DIRECTIONS FOR THIS TASK:
Having read the listing below, repeat it exactly.

INFORMATION SHOWN:

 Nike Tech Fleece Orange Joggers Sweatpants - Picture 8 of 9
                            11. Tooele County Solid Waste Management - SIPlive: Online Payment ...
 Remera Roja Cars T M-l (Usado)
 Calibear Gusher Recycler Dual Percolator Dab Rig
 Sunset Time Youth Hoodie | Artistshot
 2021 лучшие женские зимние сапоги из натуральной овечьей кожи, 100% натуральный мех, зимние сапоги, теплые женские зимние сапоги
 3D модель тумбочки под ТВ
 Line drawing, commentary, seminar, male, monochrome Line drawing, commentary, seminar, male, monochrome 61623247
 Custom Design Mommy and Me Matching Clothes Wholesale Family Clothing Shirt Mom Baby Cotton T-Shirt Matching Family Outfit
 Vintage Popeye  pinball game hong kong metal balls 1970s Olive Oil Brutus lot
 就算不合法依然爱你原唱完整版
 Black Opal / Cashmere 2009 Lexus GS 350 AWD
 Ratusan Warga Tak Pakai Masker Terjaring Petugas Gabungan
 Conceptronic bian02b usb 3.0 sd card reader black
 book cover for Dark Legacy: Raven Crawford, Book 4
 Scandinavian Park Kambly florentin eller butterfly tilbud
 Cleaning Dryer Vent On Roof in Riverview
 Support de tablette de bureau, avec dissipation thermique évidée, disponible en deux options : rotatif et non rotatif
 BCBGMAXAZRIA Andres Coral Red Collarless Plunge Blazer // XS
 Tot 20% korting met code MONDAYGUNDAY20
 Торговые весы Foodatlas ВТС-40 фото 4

ANSWER TO THE EXERCISE:
 Nike Tech Fleece Orange Joggers Sweatpants - Picture 8 of 9
                            11. Tooele County Solid Waste Management - SIPlive: Online Payment ...
 Remera Roja Cars T M-l (Usado)
 Calibear Gusher Recycler Dual Percolator Dab Rig
 Sunset Time Youth Hoodie | Artistshot
 2021 лучшие женские зимние сапоги из натуральной овечьей кожи, 100% натуральный мех, зимние сапоги, теплые женские зимние сапоги
 3D модель тумбочки под ТВ
 Line drawing, commentary, seminar, male, monochrome Line drawing, commentary, seminar, male, monochrome 61623247
 Custom Design Mommy and Me Matching Clothes Wholesale Family Clothing Shirt Mom Baby Cotton T-Shirt Matching Family Outfit
 Vintage Popeye  pinball game hong kong metal balls 1970s Olive Oil Brutus lot
 就算不合法依然爱你原唱完整版
 Black Opal / Cashmere 2009 Lexus GS 350 AWD
 Ratusan Warga Tak Pakai Masker Terjaring Petugas Gabungan
 Conceptronic bian02b usb 3.0 sd card reader black
 book cover for Dark Legacy: Raven Crawford, Book 4
 Scandinavian Park Kambly florentin eller butterfly tilbud
 Cleaning Dryer Vent On Roof in Riverview
 Support de tablette de bureau, avec dissipation thermique évidée, disponible en deux options : rotatif et non rotatif
 BCBGMAXAZRIA Andres Coral Red Collarless Plunge Blazer // XS
 Tot 20% korting met code MONDAYGUNDAY20
 Торговые весы Foodatlas ВТС-40 фото 4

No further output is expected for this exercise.